Black-grass can greatly affect yield and cause contamination issues at harvest. A few weeds one year can become a significant weed burden over a short time frame. While most seeds germinate in the autumn, you only need 12 plants/m2 to lose 5% of yield and resistance is a major problem in black-grass problem areas of the UK. The best black-grass control strategies should follow an integrated approach, considering cultural control options, herbicide strategy and application technique.
What can I do?
• Consider resistance testing if you are unsure of the status
• Map where you predict grass weed seeds are, based on 5 year cultivations. Try our Culitavtion Insight Tool
• Monitor weather at weed flowering and assess dormancy
• Adapt your cultivation strategy accordingly
• Consider the implications of drilling date, cultivation strategy and soil type on grass weed emergence
• Adapt your herbicide strategy accordingly
• As a guide, aim to apply a pre-em within 48 hours of drilling. Apply a sequence 3 weeks later. Adequate soil moisture is important for good performance of residual chemistry
Our Barton Black-Grass Innovation Centre, in its fifth year now, has shown that establishment method impacts herbicide strategy. It’s important to consider where your black-grass seed is in the soil profile, what your resistance status is and what the dormancy level is.
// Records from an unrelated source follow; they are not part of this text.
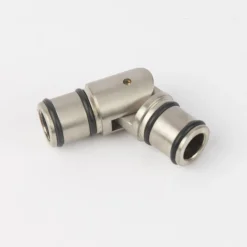 Serie NewYork Gelenkverbinder Ø20mm edelstahl-optik
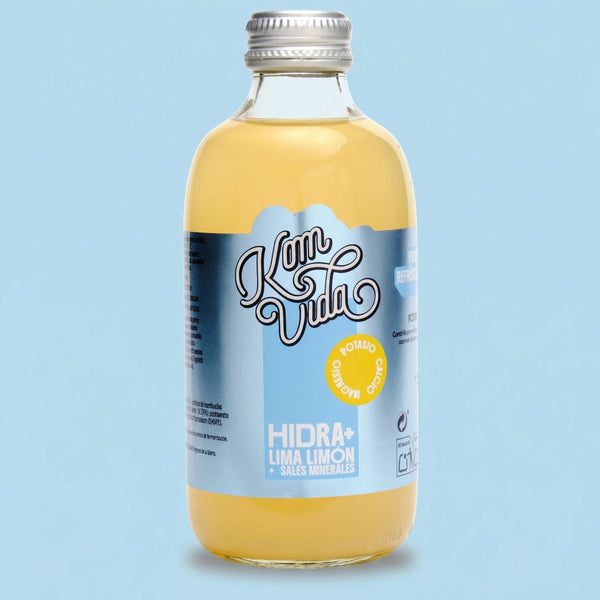 BOTELLA KOMVIDA HIDRA+ 1X250ML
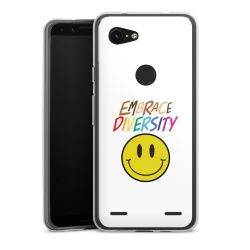 Carry Case Single Transparent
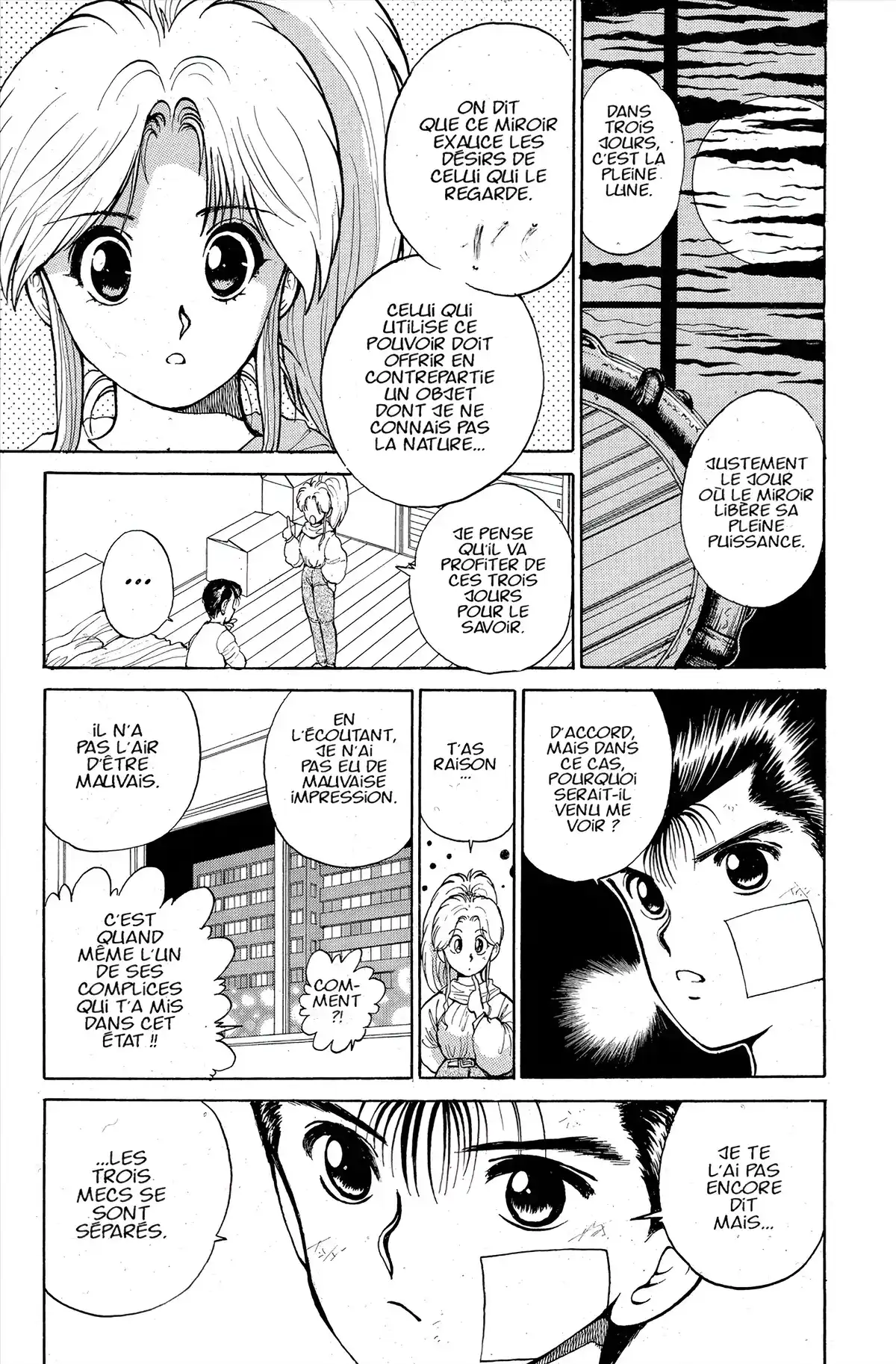 Yu Yu Hakusho Volume 3 page 89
This will help to make informed cultivation decisions and give you the best start of achieving control while managing costs.
Use our Cultivation Insight Tool to help visualise your black-grass seed in your soil profile based on your cultivations.
The best cultivation for black-grass control depends on the seasonal weather and how dormant your black-grass seed is.
Trials have shown that direct drilling in years where seed is less dormant and germination happens over a short time frame can make black-grass easier to control as it is left on the surface where a robust pre-emergence treatment can be effective. Otherwise, continual germination of high dormancy seed is difficult to control with pre-emergence herbicides.
While min-till offers good seed-to-soil contact, it makes black-grass control more challenging because the soil profile and seed bank is more mixed.
A rotational plough is a good way of burying the weed seed down below the germination zone. This can be especially useful if seed is known to be high dormancy and therefore harder to control or following a significant seed return to establish a ‘re-set’. Effective ploughing should bury almost all seed but ploughing too often can return previously buried seed which is still viable to the surface.
Spring crops are a great alternative for the management of grass weeds. Spring barley is more competitive than most spring wheats.
A spring crop needs to be competitive for good weed management. If you don’t establish a competitive spring crop, you’re possibly losing all you have gained in the extra stale seedbed by allowing too much ryegrass or black-grass to thrive in the crop and return more seed.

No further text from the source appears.